The result should be the line with "House in Marèo" followed by every remaining line of the entries, each reproduced exactly, with nothing else.
*** TASK DATA Section Begins ***
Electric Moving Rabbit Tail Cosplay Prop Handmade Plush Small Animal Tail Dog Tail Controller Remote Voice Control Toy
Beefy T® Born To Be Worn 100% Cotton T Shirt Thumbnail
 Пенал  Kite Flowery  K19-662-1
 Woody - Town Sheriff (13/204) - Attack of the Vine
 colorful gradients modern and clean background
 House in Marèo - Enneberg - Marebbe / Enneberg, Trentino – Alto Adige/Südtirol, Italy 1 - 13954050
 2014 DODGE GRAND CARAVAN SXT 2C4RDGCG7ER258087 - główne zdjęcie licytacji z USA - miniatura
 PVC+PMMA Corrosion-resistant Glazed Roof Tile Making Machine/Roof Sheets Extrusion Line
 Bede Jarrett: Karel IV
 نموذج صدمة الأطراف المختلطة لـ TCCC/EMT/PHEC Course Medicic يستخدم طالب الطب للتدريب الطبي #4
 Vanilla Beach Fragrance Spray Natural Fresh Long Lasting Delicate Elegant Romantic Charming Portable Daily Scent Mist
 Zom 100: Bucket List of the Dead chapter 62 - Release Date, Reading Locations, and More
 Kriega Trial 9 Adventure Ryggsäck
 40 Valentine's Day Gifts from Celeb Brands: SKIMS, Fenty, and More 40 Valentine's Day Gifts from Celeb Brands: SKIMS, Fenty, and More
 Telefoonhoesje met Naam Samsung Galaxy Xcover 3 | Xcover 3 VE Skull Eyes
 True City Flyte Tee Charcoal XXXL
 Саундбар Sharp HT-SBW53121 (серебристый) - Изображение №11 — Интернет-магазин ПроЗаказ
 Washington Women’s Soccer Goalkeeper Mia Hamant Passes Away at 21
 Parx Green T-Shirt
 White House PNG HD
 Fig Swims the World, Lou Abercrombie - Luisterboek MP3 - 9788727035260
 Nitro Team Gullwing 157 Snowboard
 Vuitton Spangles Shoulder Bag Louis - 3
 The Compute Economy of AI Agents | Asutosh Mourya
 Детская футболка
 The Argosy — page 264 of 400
*** TASK DATA Section Ends ***
- _ANSWER TO THIS EXERCISE_:
 House in Marèo - Enneberg - Marebbe / Enneberg, Trentino – Alto Adige/Südtirol, Italy 1 - 13954050
 2014 DODGE GRAND CARAVAN SXT 2C4RDGCG7ER258087 - główne zdjęcie licytacji z USA - miniatura
 PVC+PMMA Corrosion-resistant Glazed Roof Tile Making Machine/Roof Sheets Extrusion Line
 Bede Jarrett: Karel IV
 نموذج صدمة الأطراف المختلطة لـ TCCC/EMT/PHEC Course Medicic يستخدم طالب الطب للتدريب الطبي #4
 Vanilla Beach Fragrance Spray Natural Fresh Long Lasting Delicate Elegant Romantic Charming Portable Daily Scent Mist
 Zom 100: Bucket List of the Dead chapter 62 - Release Date, Reading Locations, and More
 Kriega Trial 9 Adventure Ryggsäck
 40 Valentine's Day Gifts from Celeb Brands: SKIMS, Fenty, and More 40 Valentine's Day Gifts from Celeb Brands: SKIMS, Fenty, and More
 Telefoonhoesje met Naam Samsung Galaxy Xcover 3 | Xcover 3 VE Skull Eyes
 True City Flyte Tee Charcoal XXXL
 Саундбар Sharp HT-SBW53121 (серебристый) - Изображение №11 — Интернет-магазин ПроЗаказ
 Washington Women’s Soccer Goalkeeper Mia Hamant Passes Away at 21
 Parx Green T-Shirt
 White House PNG HD
 Fig Swims the World, Lou Abercrombie - Luisterboek MP3 - 9788727035260
 Nitro Team Gullwing 157 Snowboard
 Vuitton Spangles Shoulder Bag Louis - 3
 The Compute Economy of AI Agents | Asutosh Mourya
 Детская футболка
 The Argosy — page 264 of 400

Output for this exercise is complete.